DESCRIPTION OF THE TASK: Reproduce exactly the lines below, starting at the line that contains "this 800×531 image." and ending with the last line of the records, both included; leave out any pictures.

DATA FOR THIS TASK:
Segment Open

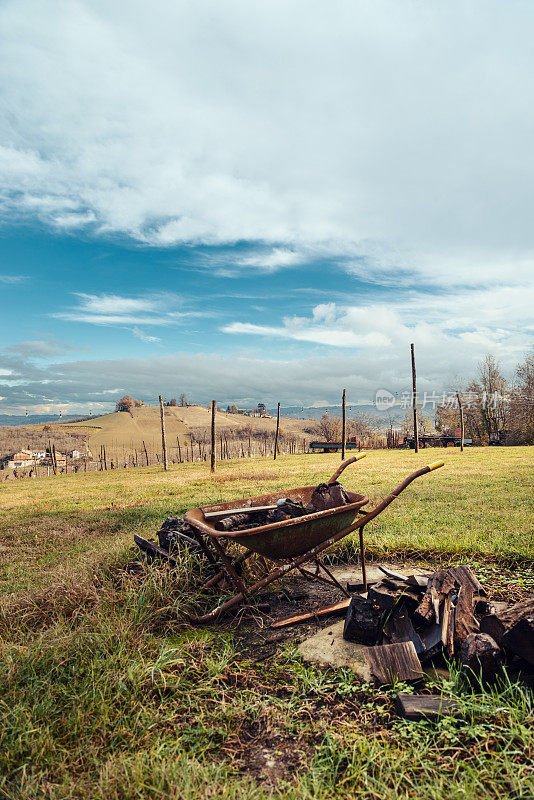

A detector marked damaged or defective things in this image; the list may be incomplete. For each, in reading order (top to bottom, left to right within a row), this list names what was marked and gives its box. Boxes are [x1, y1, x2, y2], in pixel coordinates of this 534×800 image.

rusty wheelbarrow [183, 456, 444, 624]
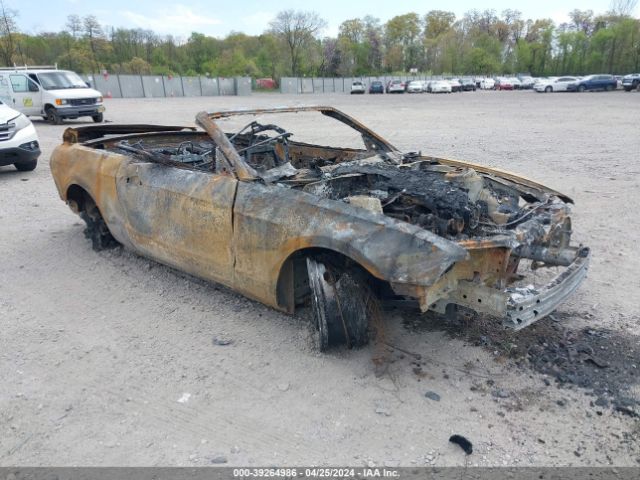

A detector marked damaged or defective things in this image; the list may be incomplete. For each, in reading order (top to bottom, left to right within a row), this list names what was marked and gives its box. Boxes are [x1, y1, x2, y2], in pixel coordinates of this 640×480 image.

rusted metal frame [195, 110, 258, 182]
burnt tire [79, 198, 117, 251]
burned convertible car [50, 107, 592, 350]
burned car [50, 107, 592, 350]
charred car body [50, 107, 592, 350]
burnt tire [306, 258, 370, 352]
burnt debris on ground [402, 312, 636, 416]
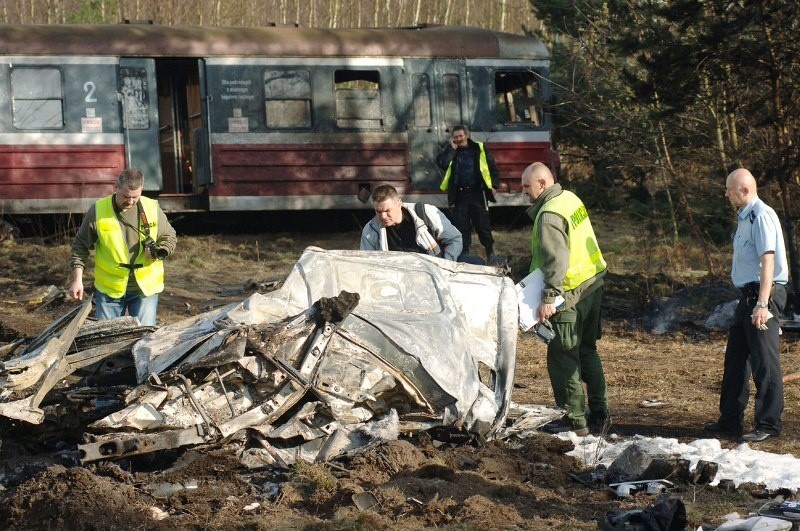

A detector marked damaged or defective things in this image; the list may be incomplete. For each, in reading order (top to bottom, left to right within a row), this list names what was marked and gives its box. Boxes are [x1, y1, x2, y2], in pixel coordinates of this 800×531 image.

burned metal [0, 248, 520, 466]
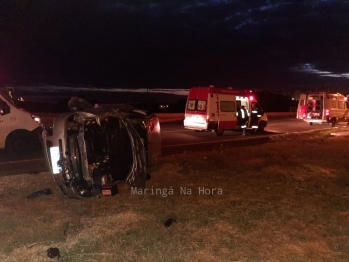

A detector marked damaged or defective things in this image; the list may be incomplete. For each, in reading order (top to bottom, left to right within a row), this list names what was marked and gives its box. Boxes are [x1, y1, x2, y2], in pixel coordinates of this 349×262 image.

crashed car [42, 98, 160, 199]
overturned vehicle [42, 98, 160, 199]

Segment Closed

RESPONSE AREA:
A detector marked damaged or defective things in this image; the list may be incomplete. For each, in reading order (top to bottom, left to right within a row), this list names what was marked and gives its box. Boxes are [x1, y1, x2, y2], in pixel coordinates of this 800×531 image.

burned metal [0, 248, 520, 466]

A detector marked damaged or defective things in this image; the list may be incomplete. For each, in reading order (top to bottom, left to right within a row), this list names what was marked and gives its box. Boxes are [x1, y1, x2, y2], in pixel coordinates of this 349×262 image.

crashed car [42, 98, 160, 199]
overturned vehicle [42, 98, 160, 199]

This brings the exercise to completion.